Мутные воды дельты (Барышева) - страница 49

— Мам, ты что-то хотела? — спрашиваю я, и мать сзади вздрагивает, потом подходит ко мне и обнимает крепко-крепко.

— Пойдем завтракать.

Я ненавязчиво высвобождаюсь — я не люблю, когда меня тискают.

— Не хочу.

— Творожок, а? Я сгущенку вчера достала.

Сгущенка в то время — редкость, но я вяло мотаю головой.

— Не, мам. Не хочу.

— А помидорку.

— Нет.

Она облокачивается рядом на перила и делает вид, что смотрит на улицу, но на самом деле смотрит на меня.

— Как ты себя чувствуешь, Лень?

— Нормально.

— Так может на улицу сходишь, а? Погуляй чуток. А то сидишь затворником. Нельзя так, Лень. Жить надо.

Я дую на лист амариллиса, он качается вперед, потом легко шлепает меня по носу.

— На меня все будут смотреть, а я…

— Пусть смотрят. Пусть. Не обращай внимания. Всякое в жизни бывает, что ж тут поделать. Виноваты вы, конечно, но и наказаны уже достаточно. Иди, Лень, проветрись. Может, на рыбалку сходишь, а? Еще не поздно.

Наверное, отвращение на моем лице слишком явно, потому что она вздрагивает, отворачивается и уходит на кухню, не зная, что мне еще сказать. А я одеваюсь и иду к входной двери.

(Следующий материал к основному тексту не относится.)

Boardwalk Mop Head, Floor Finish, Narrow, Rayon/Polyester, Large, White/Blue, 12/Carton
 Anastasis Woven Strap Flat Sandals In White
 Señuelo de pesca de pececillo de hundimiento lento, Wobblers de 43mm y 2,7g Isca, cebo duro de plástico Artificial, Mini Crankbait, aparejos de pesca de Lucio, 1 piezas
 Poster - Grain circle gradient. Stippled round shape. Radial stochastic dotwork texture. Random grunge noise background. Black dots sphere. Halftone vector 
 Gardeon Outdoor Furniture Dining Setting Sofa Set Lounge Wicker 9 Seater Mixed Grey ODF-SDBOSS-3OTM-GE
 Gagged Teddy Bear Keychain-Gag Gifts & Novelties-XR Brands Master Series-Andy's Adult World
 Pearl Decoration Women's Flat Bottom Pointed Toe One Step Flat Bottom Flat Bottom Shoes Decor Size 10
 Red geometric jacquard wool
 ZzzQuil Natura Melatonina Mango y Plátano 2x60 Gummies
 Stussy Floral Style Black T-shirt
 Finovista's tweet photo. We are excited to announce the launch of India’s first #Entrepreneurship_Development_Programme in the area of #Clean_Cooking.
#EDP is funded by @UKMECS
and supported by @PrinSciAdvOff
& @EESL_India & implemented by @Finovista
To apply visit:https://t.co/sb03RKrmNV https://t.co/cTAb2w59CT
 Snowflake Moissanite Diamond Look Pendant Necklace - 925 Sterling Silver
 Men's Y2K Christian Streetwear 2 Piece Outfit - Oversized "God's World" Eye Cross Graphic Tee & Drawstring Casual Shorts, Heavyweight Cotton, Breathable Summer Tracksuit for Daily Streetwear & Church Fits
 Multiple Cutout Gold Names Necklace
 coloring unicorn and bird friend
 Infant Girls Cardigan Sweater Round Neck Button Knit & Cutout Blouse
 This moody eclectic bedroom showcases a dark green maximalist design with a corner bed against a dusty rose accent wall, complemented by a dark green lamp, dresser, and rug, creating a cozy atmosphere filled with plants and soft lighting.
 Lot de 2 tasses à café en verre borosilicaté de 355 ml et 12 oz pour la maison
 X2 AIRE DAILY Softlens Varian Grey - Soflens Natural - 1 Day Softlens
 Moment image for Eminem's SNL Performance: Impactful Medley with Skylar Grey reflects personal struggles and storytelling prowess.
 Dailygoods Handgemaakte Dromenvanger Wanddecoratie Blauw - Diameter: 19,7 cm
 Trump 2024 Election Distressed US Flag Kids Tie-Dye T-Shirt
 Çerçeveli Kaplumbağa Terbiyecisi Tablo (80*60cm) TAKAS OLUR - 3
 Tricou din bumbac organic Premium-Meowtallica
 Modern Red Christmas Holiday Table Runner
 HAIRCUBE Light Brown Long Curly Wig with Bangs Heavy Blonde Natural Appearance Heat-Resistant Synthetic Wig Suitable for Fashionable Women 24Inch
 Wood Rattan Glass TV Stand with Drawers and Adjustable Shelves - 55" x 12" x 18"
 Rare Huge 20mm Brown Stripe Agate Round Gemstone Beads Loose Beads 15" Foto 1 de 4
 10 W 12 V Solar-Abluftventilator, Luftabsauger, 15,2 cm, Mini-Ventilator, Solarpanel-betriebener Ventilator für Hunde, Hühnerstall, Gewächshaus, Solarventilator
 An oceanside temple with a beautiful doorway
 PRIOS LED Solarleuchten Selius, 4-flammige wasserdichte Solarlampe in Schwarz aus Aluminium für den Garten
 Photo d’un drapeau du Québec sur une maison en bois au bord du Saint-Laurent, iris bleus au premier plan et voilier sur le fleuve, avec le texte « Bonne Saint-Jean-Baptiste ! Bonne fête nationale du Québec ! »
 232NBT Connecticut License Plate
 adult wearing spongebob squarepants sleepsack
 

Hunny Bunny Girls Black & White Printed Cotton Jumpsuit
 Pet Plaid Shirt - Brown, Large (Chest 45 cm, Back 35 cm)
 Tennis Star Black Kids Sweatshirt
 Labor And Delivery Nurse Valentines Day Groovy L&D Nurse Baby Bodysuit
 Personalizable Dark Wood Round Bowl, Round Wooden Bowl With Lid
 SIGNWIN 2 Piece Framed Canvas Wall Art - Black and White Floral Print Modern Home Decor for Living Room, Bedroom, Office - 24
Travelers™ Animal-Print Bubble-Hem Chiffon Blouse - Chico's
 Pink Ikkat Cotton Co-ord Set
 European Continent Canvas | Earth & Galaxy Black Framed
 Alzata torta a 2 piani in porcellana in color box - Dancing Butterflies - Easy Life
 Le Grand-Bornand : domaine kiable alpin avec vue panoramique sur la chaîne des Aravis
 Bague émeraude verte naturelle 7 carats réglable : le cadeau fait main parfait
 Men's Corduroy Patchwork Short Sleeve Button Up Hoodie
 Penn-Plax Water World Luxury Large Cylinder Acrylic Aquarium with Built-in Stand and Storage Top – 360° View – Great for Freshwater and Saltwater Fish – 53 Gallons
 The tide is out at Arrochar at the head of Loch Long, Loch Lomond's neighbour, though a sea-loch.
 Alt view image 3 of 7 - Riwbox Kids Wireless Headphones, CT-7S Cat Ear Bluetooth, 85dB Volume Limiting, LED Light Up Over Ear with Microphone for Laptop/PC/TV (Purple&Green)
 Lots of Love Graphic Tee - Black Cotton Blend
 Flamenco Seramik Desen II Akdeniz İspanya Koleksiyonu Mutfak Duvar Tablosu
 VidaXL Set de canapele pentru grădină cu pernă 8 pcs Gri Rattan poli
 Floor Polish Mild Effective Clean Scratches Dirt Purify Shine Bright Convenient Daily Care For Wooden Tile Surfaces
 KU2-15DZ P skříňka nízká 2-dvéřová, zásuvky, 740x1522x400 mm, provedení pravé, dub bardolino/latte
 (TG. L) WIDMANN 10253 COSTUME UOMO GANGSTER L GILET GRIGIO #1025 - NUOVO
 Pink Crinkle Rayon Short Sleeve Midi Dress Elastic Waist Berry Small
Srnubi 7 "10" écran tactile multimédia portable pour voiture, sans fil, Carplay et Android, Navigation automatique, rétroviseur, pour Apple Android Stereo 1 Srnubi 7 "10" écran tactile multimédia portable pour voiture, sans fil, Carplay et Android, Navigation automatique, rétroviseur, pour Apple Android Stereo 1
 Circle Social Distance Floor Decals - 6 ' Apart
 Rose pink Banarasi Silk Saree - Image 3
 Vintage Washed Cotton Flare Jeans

— Только недолго, Лень! — кричит мне мать из кухни. — И Лень… ты бы там за Виткой присмотрел, а?! Не нравится мне, что с ней творится. Как не увижу — все сидит на парапете — худющая, серая вся. Говорит, Веньку жду. Погляди за ней, Лень, а то вдруг беда с девчонкой случится. Нет ведь у нее теперь никого.

Мать говорит о Вите, словно о сироте, и я понимаю, что это действительно так. Кроме Веньки никто о ней не заботился, но теперь Веньки нет, и кому будет Вита ловить бычков на наживку… Странно, теперь мне совсем не хочется называть ее маленьким чудовищем.

Двор, как обычно в это время, уже полон, и мне приходится идти сквозь жалостливые приветствия и жадно-любопытные взгляды. Все смотрят на меня, как на какое-то диво и хотят что-то спросить, но не решаются. Я иду через двор к дороге, стараясь их не замечать.

На углу дома я сталкиваюсь с Венькиной матерью. Она возвращается из магазина с авоськой — идет медленно-медленно, едва передвигая ноги. Венькина мать всегда казалась мне очень молодой, но сейчас она выглядит глубокой старухой. Взгляд у нее строгий и серьезный, и она смотрит сквозь людей так, словно их и нет вовсе. Я тихо здороваюсь с ней, и она рассеянно кивает, похоже, даже не узнав меня. Я не знаю — лучше ли это, чем открытая ненависть родителей Рафика или обвиняющее сочувствие родителей Гарьки, которые позавчера заходили к нам и разговаривали с моим отцом.

На дороге я останавливаюсь и поднимаю два стеклянных шарика — машина-призрак уже проехала на завод стекловолокна. Я тщательно вытираю шарики о свои штаны, собираясь отдать их Вите.